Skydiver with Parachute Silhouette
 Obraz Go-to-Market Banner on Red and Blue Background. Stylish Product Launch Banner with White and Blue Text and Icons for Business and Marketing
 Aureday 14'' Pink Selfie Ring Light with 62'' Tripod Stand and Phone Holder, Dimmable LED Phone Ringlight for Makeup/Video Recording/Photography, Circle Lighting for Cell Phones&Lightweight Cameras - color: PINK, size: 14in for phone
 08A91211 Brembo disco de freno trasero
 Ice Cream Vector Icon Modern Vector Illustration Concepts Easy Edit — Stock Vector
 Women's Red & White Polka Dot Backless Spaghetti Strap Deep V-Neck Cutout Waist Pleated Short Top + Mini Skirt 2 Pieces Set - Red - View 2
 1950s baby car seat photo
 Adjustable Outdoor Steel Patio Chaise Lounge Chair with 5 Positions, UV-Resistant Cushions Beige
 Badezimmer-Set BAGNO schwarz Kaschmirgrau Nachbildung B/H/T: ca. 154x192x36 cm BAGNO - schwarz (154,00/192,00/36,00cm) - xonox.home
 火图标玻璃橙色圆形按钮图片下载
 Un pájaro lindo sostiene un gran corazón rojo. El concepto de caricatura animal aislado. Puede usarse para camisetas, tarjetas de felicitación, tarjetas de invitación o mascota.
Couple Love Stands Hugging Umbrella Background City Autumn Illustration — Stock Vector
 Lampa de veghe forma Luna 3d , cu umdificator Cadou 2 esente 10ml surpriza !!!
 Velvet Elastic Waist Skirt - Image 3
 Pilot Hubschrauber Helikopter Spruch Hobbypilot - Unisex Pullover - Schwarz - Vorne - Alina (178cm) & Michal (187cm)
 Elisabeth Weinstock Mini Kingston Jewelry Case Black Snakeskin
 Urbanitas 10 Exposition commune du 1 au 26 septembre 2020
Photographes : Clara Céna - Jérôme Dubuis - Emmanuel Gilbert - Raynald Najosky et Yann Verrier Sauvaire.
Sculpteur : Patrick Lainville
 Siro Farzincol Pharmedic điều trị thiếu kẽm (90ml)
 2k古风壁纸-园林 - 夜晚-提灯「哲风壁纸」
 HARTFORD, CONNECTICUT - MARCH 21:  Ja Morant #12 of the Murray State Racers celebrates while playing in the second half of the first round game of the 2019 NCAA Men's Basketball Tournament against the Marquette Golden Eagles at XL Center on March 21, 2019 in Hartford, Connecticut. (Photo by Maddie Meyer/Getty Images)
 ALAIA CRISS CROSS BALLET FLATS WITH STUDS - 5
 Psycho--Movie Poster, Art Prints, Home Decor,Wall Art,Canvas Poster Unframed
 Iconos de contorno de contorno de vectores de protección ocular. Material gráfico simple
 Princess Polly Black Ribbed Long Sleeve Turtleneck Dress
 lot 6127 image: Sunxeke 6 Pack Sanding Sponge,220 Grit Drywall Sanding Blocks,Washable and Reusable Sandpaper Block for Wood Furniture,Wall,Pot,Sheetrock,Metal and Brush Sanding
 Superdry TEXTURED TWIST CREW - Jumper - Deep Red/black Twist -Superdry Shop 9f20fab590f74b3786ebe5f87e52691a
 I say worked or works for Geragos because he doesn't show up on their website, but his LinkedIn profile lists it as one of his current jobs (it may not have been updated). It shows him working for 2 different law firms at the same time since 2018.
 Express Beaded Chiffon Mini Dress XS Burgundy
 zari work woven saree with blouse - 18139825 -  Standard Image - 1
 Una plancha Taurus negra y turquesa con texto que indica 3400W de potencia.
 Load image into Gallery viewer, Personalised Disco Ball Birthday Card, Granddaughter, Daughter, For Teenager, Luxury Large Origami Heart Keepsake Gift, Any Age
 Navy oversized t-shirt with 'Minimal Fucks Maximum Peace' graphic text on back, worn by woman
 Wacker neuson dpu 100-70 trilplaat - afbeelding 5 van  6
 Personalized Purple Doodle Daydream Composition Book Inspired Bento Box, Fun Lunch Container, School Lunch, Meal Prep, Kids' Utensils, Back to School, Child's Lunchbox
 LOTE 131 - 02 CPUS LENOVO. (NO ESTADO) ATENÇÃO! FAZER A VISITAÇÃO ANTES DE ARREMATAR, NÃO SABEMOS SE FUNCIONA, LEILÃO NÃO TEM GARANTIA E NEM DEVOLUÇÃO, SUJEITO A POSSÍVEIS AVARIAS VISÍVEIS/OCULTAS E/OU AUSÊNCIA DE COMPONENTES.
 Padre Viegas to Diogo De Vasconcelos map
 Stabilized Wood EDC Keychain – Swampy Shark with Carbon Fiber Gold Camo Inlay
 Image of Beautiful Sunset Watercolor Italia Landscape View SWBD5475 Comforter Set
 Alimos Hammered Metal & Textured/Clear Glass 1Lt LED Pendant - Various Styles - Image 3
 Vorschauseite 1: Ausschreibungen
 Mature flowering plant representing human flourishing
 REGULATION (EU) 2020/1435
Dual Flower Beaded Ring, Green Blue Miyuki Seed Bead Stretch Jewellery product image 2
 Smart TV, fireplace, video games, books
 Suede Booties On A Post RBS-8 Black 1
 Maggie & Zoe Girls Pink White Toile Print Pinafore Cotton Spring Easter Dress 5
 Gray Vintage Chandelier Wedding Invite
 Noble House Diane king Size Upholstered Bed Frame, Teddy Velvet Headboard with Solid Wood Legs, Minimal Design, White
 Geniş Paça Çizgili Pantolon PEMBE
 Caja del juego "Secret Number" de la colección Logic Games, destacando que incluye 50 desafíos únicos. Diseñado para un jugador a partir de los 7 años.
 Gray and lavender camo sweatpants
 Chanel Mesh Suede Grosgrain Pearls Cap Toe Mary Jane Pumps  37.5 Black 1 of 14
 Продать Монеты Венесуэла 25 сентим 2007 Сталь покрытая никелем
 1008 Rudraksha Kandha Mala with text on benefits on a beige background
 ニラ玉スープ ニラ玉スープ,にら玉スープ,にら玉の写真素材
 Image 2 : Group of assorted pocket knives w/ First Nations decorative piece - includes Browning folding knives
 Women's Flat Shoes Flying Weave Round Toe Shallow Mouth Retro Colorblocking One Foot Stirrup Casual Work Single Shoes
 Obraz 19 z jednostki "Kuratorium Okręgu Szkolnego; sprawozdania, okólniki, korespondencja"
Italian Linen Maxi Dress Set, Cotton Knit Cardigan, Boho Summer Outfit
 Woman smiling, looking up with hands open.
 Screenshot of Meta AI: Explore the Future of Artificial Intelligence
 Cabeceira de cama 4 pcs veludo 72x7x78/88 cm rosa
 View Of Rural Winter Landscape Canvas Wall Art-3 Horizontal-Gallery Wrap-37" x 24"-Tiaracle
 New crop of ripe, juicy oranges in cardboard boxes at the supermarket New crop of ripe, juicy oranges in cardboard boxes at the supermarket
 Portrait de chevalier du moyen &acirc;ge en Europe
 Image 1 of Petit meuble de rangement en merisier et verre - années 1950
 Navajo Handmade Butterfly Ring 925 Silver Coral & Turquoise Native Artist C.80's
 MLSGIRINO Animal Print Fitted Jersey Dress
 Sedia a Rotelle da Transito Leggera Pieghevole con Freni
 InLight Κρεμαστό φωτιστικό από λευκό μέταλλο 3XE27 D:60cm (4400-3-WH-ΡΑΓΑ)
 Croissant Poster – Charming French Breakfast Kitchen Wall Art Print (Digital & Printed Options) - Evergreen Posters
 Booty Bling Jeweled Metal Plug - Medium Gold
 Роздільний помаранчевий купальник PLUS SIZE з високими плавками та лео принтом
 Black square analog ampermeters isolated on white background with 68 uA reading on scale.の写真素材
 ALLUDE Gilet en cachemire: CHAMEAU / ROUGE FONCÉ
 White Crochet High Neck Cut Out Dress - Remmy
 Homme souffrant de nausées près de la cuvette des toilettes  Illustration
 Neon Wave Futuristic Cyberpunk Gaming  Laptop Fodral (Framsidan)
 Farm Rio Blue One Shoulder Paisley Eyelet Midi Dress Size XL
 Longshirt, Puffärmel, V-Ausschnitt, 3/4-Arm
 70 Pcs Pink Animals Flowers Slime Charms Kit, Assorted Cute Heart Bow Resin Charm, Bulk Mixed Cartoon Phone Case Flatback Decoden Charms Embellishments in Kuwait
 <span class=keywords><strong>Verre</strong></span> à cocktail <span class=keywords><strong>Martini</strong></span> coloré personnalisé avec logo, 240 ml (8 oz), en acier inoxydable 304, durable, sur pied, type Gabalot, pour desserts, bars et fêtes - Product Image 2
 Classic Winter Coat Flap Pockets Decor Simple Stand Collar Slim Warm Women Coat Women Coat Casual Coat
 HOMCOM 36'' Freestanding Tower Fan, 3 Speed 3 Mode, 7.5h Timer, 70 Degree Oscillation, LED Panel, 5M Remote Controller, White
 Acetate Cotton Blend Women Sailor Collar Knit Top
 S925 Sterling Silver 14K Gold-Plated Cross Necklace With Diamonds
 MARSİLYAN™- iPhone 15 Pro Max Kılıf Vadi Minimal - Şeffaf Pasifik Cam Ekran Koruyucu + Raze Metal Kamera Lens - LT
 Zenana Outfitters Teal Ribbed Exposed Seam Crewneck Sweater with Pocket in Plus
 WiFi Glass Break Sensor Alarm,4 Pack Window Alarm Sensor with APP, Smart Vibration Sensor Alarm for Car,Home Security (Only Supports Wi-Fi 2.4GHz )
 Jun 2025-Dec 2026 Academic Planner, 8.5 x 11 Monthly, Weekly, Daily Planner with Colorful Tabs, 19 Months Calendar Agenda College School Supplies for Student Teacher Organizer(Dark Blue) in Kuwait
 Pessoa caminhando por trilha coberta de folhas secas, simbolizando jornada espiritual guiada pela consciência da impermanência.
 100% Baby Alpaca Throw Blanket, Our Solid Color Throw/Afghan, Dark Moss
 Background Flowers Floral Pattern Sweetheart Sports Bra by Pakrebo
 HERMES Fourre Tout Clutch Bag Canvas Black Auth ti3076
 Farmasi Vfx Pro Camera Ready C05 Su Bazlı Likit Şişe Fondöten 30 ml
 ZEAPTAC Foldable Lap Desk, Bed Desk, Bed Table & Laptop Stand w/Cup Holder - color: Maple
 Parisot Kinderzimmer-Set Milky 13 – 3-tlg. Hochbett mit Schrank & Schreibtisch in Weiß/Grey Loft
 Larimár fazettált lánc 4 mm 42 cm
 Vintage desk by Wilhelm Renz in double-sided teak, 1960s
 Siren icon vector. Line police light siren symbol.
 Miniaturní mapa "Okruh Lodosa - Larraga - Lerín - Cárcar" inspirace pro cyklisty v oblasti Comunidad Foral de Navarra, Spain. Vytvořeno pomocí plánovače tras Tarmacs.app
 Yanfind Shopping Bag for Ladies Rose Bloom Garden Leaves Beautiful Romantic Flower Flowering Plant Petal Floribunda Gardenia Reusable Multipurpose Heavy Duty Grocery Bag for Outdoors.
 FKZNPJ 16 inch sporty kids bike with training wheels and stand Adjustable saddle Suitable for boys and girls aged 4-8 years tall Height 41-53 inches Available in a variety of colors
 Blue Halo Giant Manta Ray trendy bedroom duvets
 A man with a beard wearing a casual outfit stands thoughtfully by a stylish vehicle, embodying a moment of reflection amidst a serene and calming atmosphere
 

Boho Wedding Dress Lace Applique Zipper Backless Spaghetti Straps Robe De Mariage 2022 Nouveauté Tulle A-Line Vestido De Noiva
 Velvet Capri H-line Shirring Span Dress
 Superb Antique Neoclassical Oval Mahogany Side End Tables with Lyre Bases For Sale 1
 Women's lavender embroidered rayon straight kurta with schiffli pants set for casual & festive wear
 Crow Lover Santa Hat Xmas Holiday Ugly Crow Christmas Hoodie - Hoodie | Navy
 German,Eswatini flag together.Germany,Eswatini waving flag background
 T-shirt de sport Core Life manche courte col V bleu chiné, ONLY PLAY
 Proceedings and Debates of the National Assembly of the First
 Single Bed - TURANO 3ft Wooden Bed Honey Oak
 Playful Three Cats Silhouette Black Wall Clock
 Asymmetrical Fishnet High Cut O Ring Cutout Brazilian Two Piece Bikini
————————
#### Task description:
Begin at the line that has "Parisot Kinderzimmer-Set Milky" in the entries above; stop after the line that has "Yanfind Shopping Bag". Transcribe exactly those lines and no others.

#### Expected answer:
 Parisot Kinderzimmer-Set Milky 13 – 3-tlg. Hochbett mit Schrank & Schreibtisch in Weiß/Grey Loft
 Larimár fazettált lánc 4 mm 42 cm
 Vintage desk by Wilhelm Renz in double-sided teak, 1960s
 Siren icon vector. Line police light siren symbol.
 Miniaturní mapa "Okruh Lodosa - Larraga - Lerín - Cárcar" inspirace pro cyklisty v oblasti Comunidad Foral de Navarra, Spain. Vytvořeno pomocí plánovače tras Tarmacs.app
 Yanfind Shopping Bag for Ladies Rose Bloom Garden Leaves Beautiful Romantic Flower Flowering Plant Petal Floribunda Gardenia Reusable Multipurpose Heavy Duty Grocery Bag for Outdoors.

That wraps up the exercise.